The House of Commons on Tuesday voted to back a bill brought forward by Johnson's to allow a pre-Christmas election in order to "refresh this parliament" and "break free from the impasse" on Brexit.
MPs had rejected three previous attempts by Johnson to secure a general election, due to fears that the prime minister would use the election campaign period in order to take the UK out of the EU without a deal.
However, Labour party leader Jeremy Corbyn said on Tuesday that he was now willing to back a new law brought forward by Johnson which will allow an early general election, after the EU formally agreed to delay Brexit until next year.
"We have now heard from the EU that the extension of Article 50 to 31st January has been confirmed, so for the next three months, our condition of taking no deal off the table has now been met," he said.
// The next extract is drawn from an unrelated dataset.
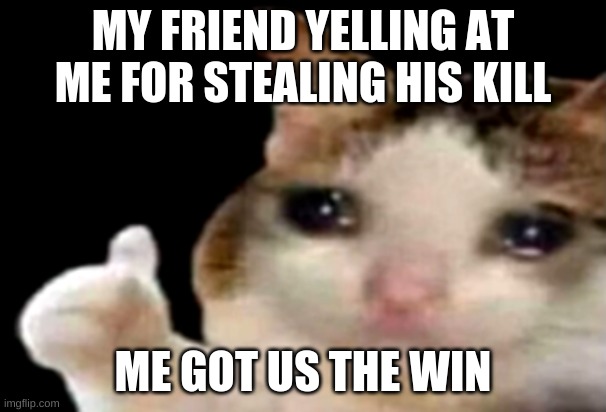 Sad cat thumbs up |  MY FRIEND YELLING AT ME FOR STEALING HIS KILL; ME GOT US THE WIN | image tagged in sad cat thumbs up | made w/ Imgflip meme maker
He added that the Labour party "will now launch the most ambitious and radical campaign for real change our country has ever seen."
An attempt by opposition parties to move the date for the election three days forward to December 9 was defeated by the government.
Johnson's election bill will now pass to the House of Lords, which by convention is unlikely to amend it after it has passed the Commons unamended.
The victory for the prime minister came after he welcomed back 10 of the 21 Conservative MPs he expelled from the party last month.
Alistair Burt, Caroline Nokes, Greg Clark, Nick Soames, Ed Vaizey, Margot James, Stephen Hammond, Steve Brine, Richard Harrington, Richard Benyon all had the Conservative whip restored.
The returning members all backed Johnson on votes on his Brexit bill last week. Other former Conservative MPs, including the former Conservative Chancellors Philip Hammond and Ken Clarke, have not been welcomed back.
Johnson's path to a majority could be narrow
Johnson's Conservative Party go into the 2019 UK general election campaign as the favourites to emerge as the winners of the contest.
Recent opinion polls give them an average lead of ten points. This is due in large part to Johnson's success in uniting pro-Brexit voters behind his party, in contrast to the splintering of anti-Brexit voters between Labour and the Liberal Democrats.
However, polling experts suggest that he may struggle to win the Parliamentary majority he seeks.
The UK's leading elections expert John Curtice told LBC on Tuesday that smaller parties are expected to make big gains at the polls, potentially denying Johnson a majority.
He added that unlike in 2010, when the Conservatives secured a parliamentary majority thanks to the Liberal Democrats entering into a coalition, Johnson would struggle to find partners to prop his government in another hung parliament.
"This is an asymmetric election," he said.
"It's an election that Boris Johnson has to win. If he does not get a majority or something very close to it, he will not be able to stay in government because the Conservatives do not have any friends elsewhere.
"The Labour Party, by contrast, at least has the possibility of doing a deal with the SNP, a deal with the Liberal Democrats, getting support of the Greens and maybe even the DUP not standing in their way.
"Bear in mind, this is not an election that Labour have to win to stop Brexit, but it is an election that they and the other opposition parties simply need to deny the Conservatives a majority.